++++ MATERIAL FOR THIS TASK
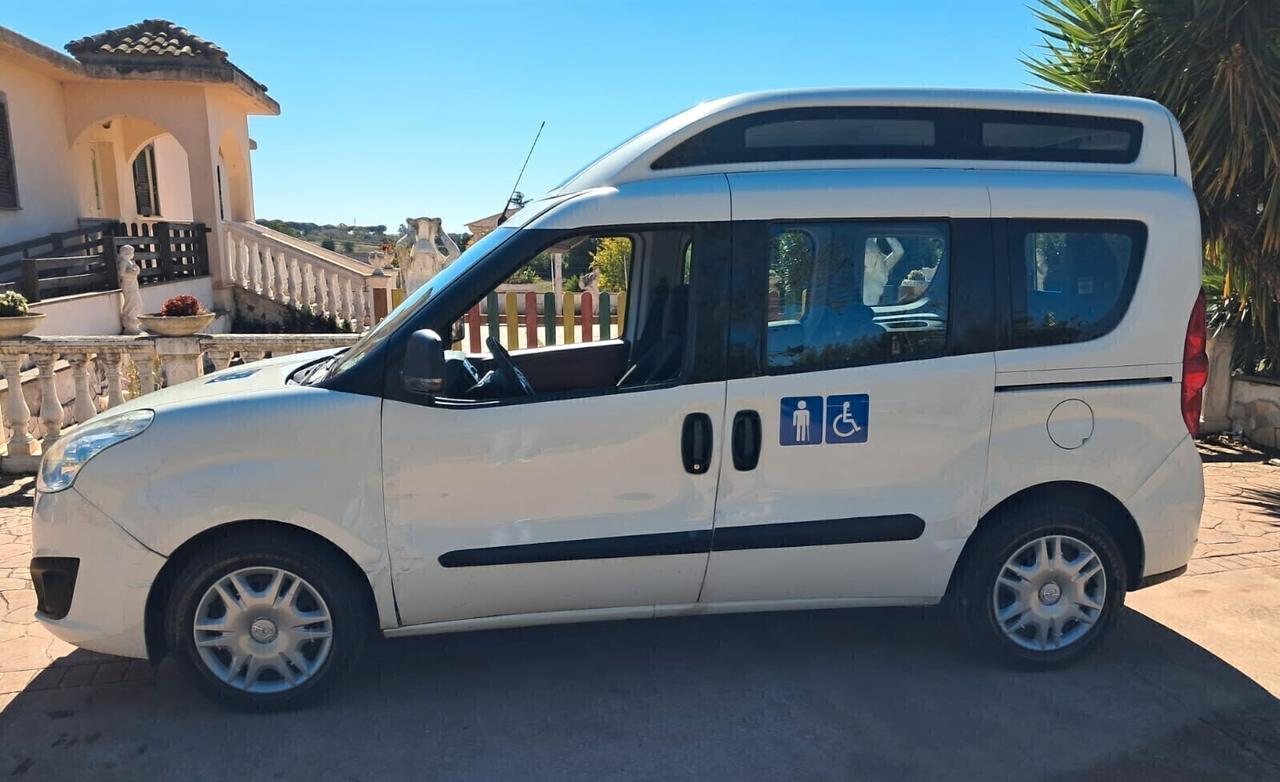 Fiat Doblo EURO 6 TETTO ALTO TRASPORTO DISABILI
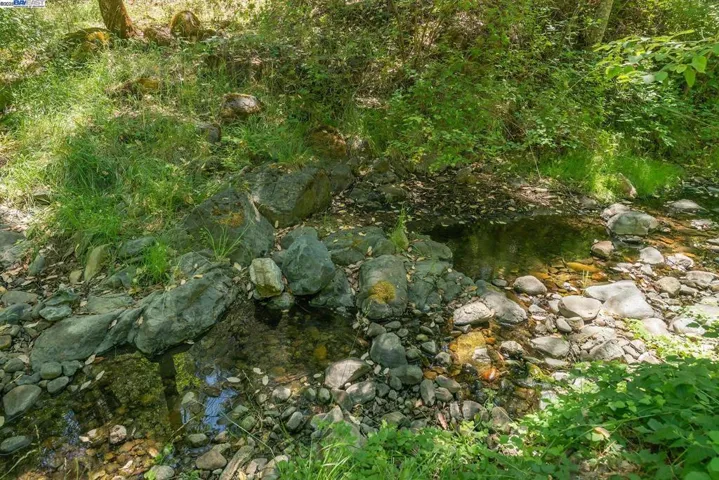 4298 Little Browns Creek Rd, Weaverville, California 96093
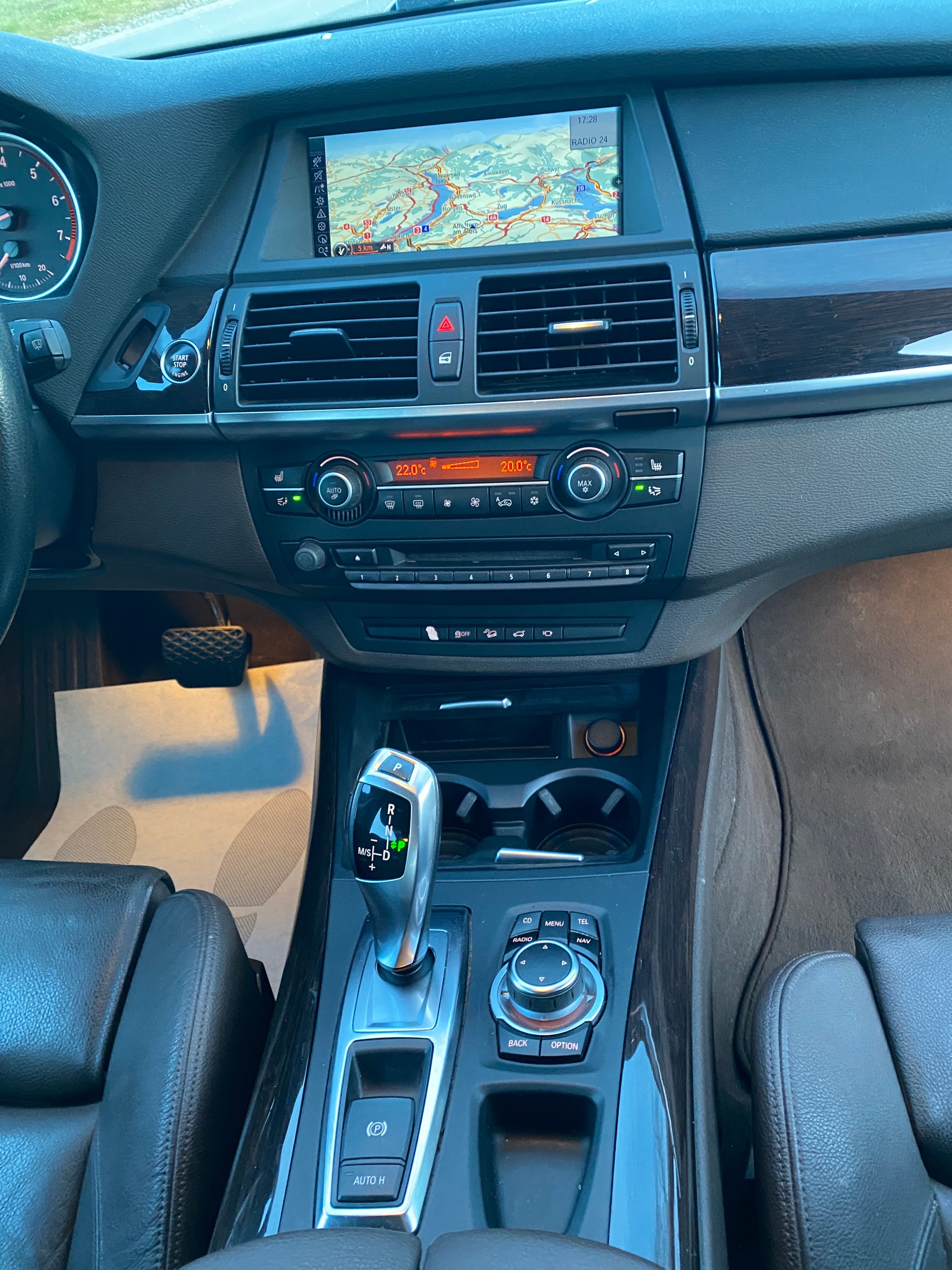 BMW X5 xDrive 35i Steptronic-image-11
++++++++
++++ MATERIAL FOR THIS TASK
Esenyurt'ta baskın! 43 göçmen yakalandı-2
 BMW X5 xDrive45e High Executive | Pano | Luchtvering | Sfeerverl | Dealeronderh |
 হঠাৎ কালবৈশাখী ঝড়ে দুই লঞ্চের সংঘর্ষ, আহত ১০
++++++++
++++ MATERIAL FOR THIS TASK
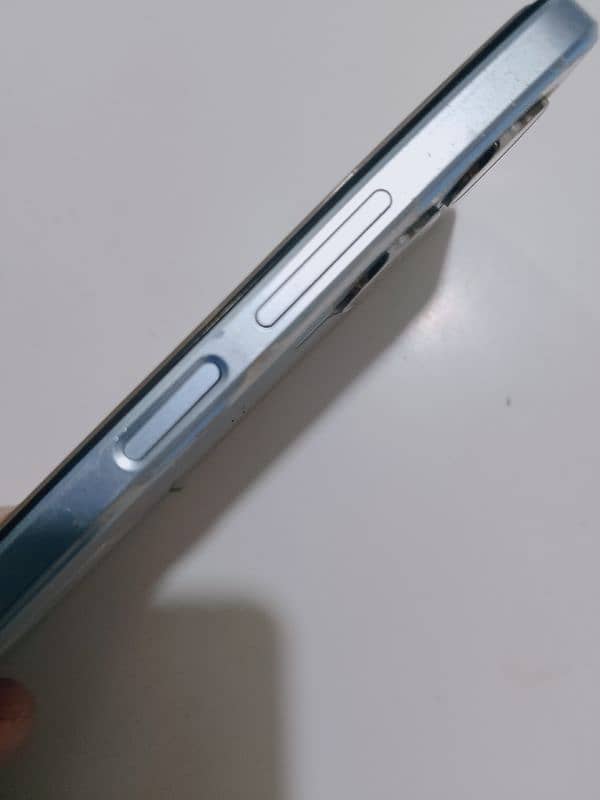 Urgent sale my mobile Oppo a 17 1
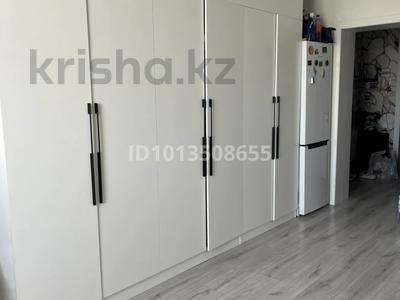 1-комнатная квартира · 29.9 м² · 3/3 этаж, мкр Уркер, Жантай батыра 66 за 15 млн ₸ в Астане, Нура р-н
++++++++
● **WORK ITEM**: Your reply is to be an exact repeat of the listing above from the line holding "Fiat Doblo EURO" down to the line holding "BMW X5 xDrive 35i Steptronic-image-11", ends included, pictures excluded.

● **RESPONSE TO THIS TASK**:
 Fiat Doblo EURO 6 TETTO ALTO TRASPORTO DISABILI
 4298 Little Browns Creek Rd, Weaverville, California 96093
 BMW X5 xDrive 35i Steptronic-image-11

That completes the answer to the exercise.